What an introduction to the field and its genuinely amazing that I continue to work in it at all. If I didn’t enjoy the technical content so much, and not appreciated the importance of the field, I would have run. Perhaps greater success professionally would have followed such a departure. In the long run this resistance and the rule of experts works to halt progress.

If you can’t solve a problem, then there is an easier problem you can solve: find it.

― George Pólya

Kolgan, V. P. “Application of the principle of minimum values of the derivative to the construction of finite-difference schemes for calculating discontinuous gasdynamics solutions.” TsAGI, Uchenye Zapiski 3, no. 6 (1972): 68-77.

Boris, Jay P., and David L. Book. “Flux-corrected transport. I. SHASTA, a fluid transport algorithm that works.” Journal of computational physics 11, no. 1 (1973): 38-69.

Van Leer, Bram. “Towards the ultimate conservative difference scheme.
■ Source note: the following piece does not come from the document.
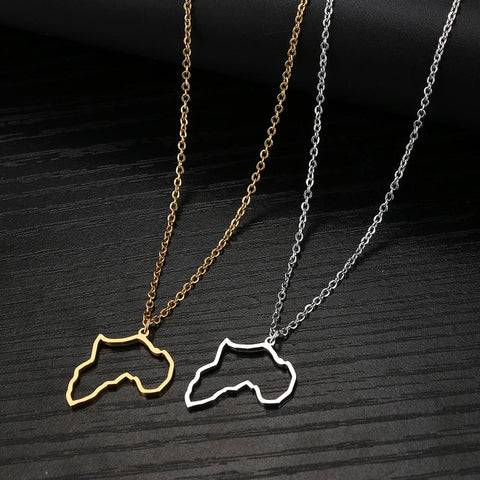 Stainless Steel Necklaces Africa Map Dainty Jewelry Girls Gifts-JW01289-Veeddydropshipping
II. Monotonicity and conservation combined in a second-order scheme.” Journal of computational physics 14, no. 4 (1974): 361-370.\

Van Leer, Bram. “Towards the ultimate conservative difference scheme. V. A second-order sequel to Godunov’s method.” Journal of computational Physics 32, no. 1 (1979): 101-136.

Harten, Ami, Bjorn Engquist, Stanley Osher, and Sukumar R. Chakravarthy. “Uniformly high order accurate essentially non-oscillatory schemes, III.” Journal of computational physics 71, no. 2 (1987): 231-303.

Harten, Ami, and Stanley Osher. “Uniformly high-order accurate nonoscillatory schemes. I.” SIAM Journal on Numerical Analysis 24, no. 2 (1987): 279-309.

Harten, Amiram, James M. Hyman, Peter D. Lax, and Barbara Keyfitz. “On finite‐difference approximations and entropy conditions for shocks.” Communications on pure and applied mathematics 29, no. 3 (1976): 297-322.